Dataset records
————————

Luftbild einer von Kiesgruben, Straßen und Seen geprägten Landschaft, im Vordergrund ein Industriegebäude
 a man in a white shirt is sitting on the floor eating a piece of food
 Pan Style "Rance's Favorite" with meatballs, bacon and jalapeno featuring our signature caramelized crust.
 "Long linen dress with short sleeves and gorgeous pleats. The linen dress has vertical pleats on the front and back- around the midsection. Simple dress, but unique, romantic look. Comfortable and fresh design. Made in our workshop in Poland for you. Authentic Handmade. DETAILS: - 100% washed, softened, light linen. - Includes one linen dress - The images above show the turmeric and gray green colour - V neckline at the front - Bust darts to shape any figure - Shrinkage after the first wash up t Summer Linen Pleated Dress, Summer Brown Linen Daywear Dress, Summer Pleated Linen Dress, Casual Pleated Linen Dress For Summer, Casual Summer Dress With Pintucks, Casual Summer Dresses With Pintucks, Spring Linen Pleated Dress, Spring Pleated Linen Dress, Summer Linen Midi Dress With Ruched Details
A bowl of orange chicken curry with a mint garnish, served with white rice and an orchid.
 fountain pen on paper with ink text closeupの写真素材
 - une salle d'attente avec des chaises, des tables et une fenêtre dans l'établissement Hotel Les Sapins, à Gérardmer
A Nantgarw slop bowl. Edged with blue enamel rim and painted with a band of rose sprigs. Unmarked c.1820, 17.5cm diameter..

————————

• **Your task**:
I'd like the lines above from the one with "A bowl of orange" up to and including the one with "- une salle" copied exactly, with no other lines.

• **Worked solution**:
A bowl of orange chicken curry with a mint garnish, served with white rice and an orchid.
 fountain pen on paper with ink text closeupの写真素材
 - une salle d'attente avec des chaises, des tables et une fenêtre dans l'établissement Hotel Les Sapins, à Gérardmer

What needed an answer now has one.